You’re reading Ry’s Git Tutorial

Distributed Workflows

Now that we know how to share information via a centralized workflow, we can appreciate some of the drawbacks of this collaboration model. While it may be convenient, allowing everyone to push to an “official” repository raises some legitimate security concerns. It means that for anyone to contribute content, they need access to the entire project.

This is fine if you’re only interacting with a small team, but imagine a scenario where you’re working on an open-source software project and a stranger found a bug, fixed it, and wants to incorporate the update into the main project. You probably don’t want to give them push-access to your central repository, since they could start pushing all sorts of random snapshots, and you would effectively lose control of the project.

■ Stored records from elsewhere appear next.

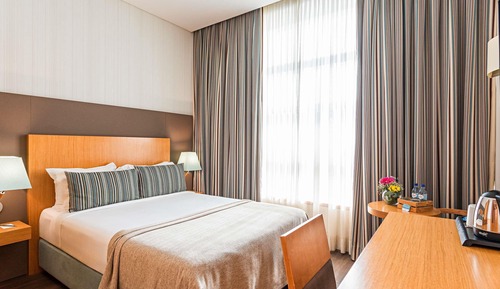 Standard Room, 1 Queen Bed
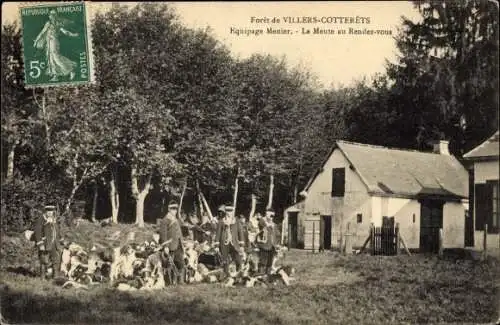 Ak Villers Cotterêts Aisne, Foret, Equipage Menier, la Meute au Rendez vous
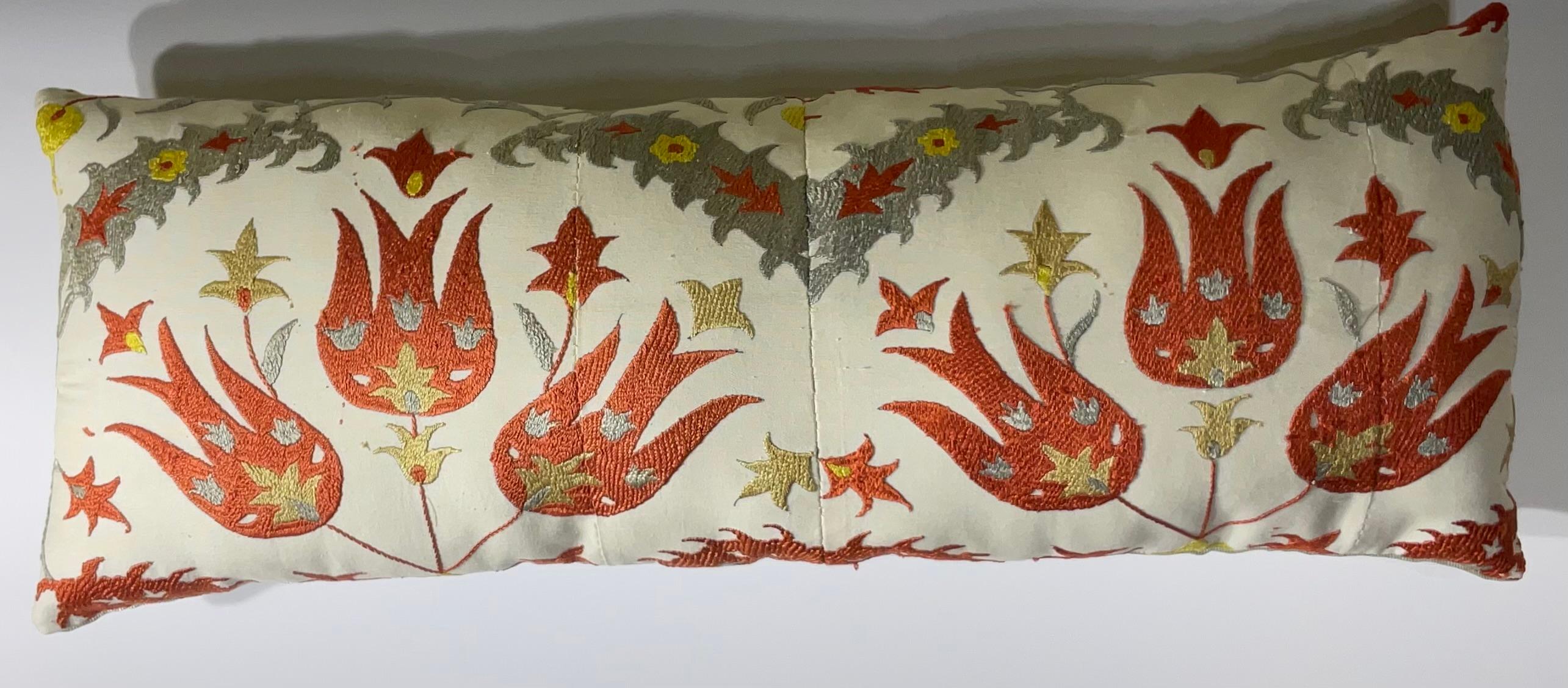 XX secolo Vintage Uzbek Suzani ricamato a mano  Cuscino in vendita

But, what you can do is tell the contributor to push the changes to their own public repository. Then, you can pull their bug fix into your private repository to ensure it doesn’t contain any undeclared code. If you approve their contributions, all you have to do is merge them into a local branch and push it to the main repository, just like we did in the previous module. You’ve become an integrator, in addition to an ordinary developer:

The integrator workflow

In this module, we’ll experience all of this first-hand by creating a free public repository on Bitbucket.org and incorporating a contribution from an anonymous developer named John. Bitbucket is a DVCS hosting provider that makes it very easy to set up a Git repository and start collaborating with a team of developers.

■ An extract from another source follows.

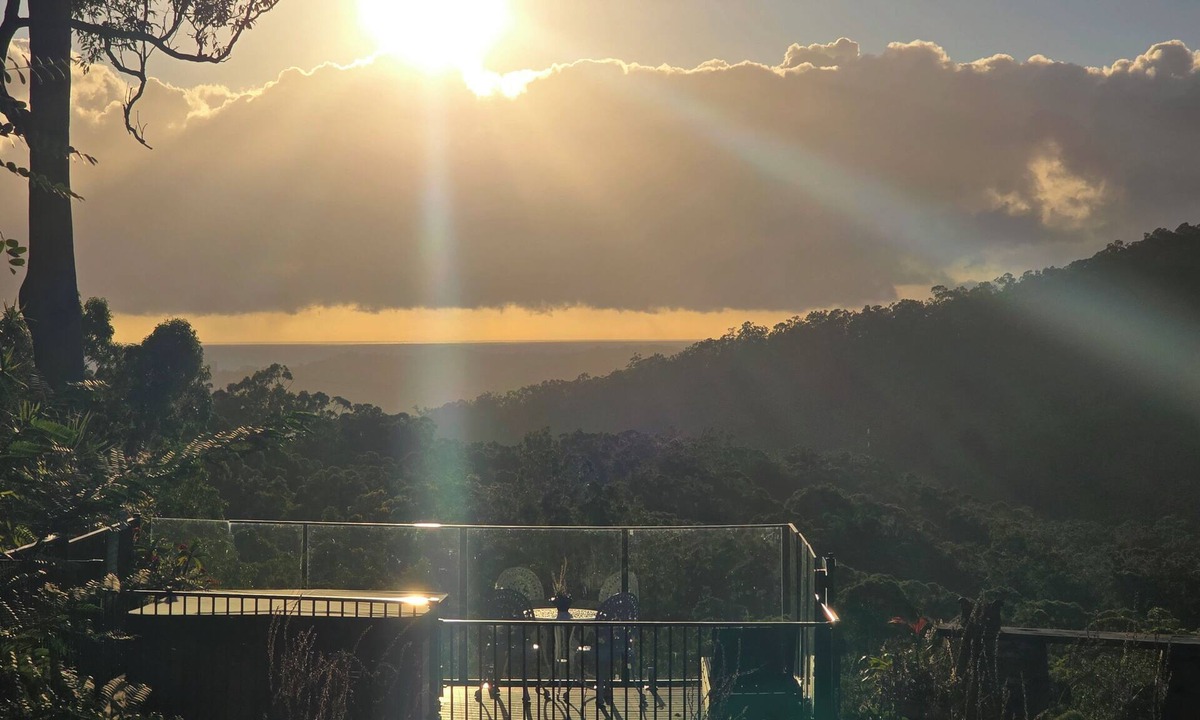 Bonogin House | Hot spa with Ocean Views - fire pit - 2 fully equipped retreats - privacy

If you’ve been following along from the previous module, you already have everything you need. Otherwise, download the zipped Git repositories from the above link, uncompress them, and you’re good to go.

Create a Bitbucket Account

The first part of this module will walk you through setting up a Bitbucket account. Navigate your web browser to Bitbucket.org and sign up for a free account.

The Bitbucket logo

You can choose any username for your account, but the email address should match the one you assigned to your Git installation with git config in The Basics. If you need to change your email, you can run another git config --global user.email you@example.com command.

Create a Public Repository (You)

To create our first networked Git repository, log into your Bitbucket account, and navigate to Repositories > Create repository. Use my-git-repo as the Repository Name, and anything you like for the Description field. Since this is just an example project, go ahead and uncheck the This is a private repository field. Select HTML/CSS for the Language field, then go ahead and click Create repository.

Bitbucket’s new repository form

Essentially, we just ran git init --bare on a Bitbucket server. We can now push to and fetch from this repository as we did with central-repo.git in the previous module.

After initialization, Bitbucket offers some helpful instructions, but don’t follow them just yet—we’ll walk through importing an existing repository in the next section.

Bitbucket’s setup instructions

Push to the Public Repository (You)

Before populating this new repository with our existing my-git-repo project, we first need to point our origin remote to the Bitbucket repository. Be sure to change the <username> portion to your actual Bitbucket username.

cd /path/to/my-git-repo
git remote rm origin
git remote add origin https://<username>@bitbucket.org/<username>/my-git-repo.git

The utility of remotes should be more apparent than in previous modules, as typing the full path to this repository every time we needed to interact with it would be rather tedious.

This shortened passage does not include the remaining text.